*Aim of the task*
Only one stretch of the data below is needed. Output the lines from the one with "collection of colored" up to and including the one with "Charmkey <span class=keywords><strong>ganchillo</strong></span>", exactly as they stand.

(Source material Opens)

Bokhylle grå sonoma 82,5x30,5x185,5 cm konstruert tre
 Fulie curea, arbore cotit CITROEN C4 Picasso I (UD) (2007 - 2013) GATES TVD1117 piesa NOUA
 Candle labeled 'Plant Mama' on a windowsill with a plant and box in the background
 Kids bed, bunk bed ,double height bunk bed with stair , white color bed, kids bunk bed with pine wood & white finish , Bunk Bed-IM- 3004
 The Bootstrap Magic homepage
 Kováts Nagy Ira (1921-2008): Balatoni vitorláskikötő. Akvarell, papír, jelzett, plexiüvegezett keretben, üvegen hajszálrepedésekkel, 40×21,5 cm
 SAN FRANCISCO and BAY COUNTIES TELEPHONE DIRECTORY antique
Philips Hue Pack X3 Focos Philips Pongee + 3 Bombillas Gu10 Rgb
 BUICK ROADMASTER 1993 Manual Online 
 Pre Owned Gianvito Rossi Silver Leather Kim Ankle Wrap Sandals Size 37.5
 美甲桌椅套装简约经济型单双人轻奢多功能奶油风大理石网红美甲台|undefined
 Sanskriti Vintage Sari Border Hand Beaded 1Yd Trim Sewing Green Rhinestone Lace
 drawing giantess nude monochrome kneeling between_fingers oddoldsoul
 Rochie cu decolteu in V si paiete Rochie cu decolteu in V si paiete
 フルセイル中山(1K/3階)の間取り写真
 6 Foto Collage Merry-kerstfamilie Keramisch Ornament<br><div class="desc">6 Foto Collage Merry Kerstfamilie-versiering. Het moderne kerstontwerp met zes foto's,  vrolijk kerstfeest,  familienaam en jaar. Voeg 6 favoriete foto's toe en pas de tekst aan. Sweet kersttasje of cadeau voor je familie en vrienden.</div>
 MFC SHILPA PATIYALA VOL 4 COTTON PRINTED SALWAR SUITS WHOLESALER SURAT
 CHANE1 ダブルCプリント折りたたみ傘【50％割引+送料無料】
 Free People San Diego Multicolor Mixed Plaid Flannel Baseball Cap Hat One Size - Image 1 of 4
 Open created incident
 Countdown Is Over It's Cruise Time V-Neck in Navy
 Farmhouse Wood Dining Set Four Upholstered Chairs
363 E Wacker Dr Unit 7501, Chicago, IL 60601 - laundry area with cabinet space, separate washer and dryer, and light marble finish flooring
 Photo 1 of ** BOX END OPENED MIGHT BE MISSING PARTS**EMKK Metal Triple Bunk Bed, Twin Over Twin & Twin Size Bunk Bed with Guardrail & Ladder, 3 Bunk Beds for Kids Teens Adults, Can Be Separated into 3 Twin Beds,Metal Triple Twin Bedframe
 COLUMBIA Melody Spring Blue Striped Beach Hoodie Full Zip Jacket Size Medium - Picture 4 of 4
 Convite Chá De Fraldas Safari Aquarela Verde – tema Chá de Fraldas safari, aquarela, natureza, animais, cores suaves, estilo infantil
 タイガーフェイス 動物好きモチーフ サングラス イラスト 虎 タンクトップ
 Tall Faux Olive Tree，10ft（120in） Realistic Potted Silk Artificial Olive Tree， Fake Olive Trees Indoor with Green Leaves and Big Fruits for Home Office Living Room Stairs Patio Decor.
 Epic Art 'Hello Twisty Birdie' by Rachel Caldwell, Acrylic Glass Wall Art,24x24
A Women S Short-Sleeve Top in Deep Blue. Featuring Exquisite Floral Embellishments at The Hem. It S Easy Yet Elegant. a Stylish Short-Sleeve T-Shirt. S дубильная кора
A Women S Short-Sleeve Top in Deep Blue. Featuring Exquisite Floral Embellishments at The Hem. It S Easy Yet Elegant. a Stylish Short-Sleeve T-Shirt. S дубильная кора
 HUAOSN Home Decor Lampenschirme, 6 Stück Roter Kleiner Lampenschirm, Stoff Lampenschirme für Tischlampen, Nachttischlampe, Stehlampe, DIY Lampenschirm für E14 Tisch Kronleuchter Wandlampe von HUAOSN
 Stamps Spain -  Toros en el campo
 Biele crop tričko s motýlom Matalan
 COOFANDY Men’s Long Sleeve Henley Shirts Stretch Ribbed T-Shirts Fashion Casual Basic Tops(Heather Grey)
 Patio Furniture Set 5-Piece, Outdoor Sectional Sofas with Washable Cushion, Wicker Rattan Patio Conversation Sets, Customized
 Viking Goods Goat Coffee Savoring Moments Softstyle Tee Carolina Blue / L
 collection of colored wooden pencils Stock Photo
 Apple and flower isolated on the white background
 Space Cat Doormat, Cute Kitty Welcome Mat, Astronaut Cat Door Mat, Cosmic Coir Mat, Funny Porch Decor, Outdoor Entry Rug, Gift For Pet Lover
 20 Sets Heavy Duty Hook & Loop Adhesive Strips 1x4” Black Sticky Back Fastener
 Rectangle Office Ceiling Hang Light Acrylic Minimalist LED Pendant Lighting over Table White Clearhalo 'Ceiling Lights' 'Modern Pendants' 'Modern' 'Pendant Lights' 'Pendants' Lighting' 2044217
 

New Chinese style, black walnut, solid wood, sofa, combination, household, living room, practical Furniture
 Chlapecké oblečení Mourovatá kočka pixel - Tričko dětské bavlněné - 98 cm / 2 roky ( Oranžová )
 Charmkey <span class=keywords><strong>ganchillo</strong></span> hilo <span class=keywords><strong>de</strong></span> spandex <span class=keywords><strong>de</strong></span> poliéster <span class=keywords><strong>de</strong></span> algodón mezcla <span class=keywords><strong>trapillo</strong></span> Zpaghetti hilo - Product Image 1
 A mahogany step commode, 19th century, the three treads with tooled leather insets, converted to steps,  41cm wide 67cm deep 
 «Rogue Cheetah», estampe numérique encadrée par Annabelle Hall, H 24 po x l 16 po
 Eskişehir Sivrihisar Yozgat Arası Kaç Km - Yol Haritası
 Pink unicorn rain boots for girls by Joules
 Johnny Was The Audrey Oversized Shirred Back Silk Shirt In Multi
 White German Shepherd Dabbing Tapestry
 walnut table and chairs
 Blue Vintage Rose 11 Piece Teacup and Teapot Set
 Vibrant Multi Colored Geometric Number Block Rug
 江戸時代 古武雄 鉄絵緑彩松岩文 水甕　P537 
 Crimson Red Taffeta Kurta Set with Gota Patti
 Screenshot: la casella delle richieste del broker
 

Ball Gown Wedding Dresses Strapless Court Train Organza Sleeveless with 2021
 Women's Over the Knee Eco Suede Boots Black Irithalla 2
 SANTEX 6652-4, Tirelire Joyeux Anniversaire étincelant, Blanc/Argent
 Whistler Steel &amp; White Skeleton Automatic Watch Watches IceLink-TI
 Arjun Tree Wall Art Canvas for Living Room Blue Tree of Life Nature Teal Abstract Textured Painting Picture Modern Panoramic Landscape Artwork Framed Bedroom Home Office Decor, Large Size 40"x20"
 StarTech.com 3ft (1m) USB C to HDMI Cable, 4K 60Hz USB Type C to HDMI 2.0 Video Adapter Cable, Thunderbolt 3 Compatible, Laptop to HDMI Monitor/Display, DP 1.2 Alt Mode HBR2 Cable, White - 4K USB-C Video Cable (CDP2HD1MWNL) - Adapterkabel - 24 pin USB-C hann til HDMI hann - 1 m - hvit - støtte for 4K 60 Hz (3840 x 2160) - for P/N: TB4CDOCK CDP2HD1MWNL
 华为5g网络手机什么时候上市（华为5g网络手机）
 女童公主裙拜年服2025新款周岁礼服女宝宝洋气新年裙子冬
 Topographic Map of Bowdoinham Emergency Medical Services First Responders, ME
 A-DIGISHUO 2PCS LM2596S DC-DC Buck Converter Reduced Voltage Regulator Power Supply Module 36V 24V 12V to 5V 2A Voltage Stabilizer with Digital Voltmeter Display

(Source material Closes)

*Result*
 collection of colored wooden pencils Stock Photo
 Apple and flower isolated on the white background
 Space Cat Doormat, Cute Kitty Welcome Mat, Astronaut Cat Door Mat, Cosmic Coir Mat, Funny Porch Decor, Outdoor Entry Rug, Gift For Pet Lover
 20 Sets Heavy Duty Hook & Loop Adhesive Strips 1x4” Black Sticky Back Fastener
 Rectangle Office Ceiling Hang Light Acrylic Minimalist LED Pendant Lighting over Table White Clearhalo 'Ceiling Lights' 'Modern Pendants' 'Modern' 'Pendant Lights' 'Pendants' Lighting' 2044217
 

New Chinese style, black walnut, solid wood, sofa, combination, household, living room, practical Furniture
 Chlapecké oblečení Mourovatá kočka pixel - Tričko dětské bavlněné - 98 cm / 2 roky ( Oranžová )
 Charmkey <span class=keywords><strong>ganchillo</strong></span> hilo <span class=keywords><strong>de</strong></span> spandex <span class=keywords><strong>de</strong></span> poliéster <span class=keywords><strong>de</strong></span> algodón mezcla <span class=keywords><strong>trapillo</strong></span> Zpaghetti hilo - Product Image 1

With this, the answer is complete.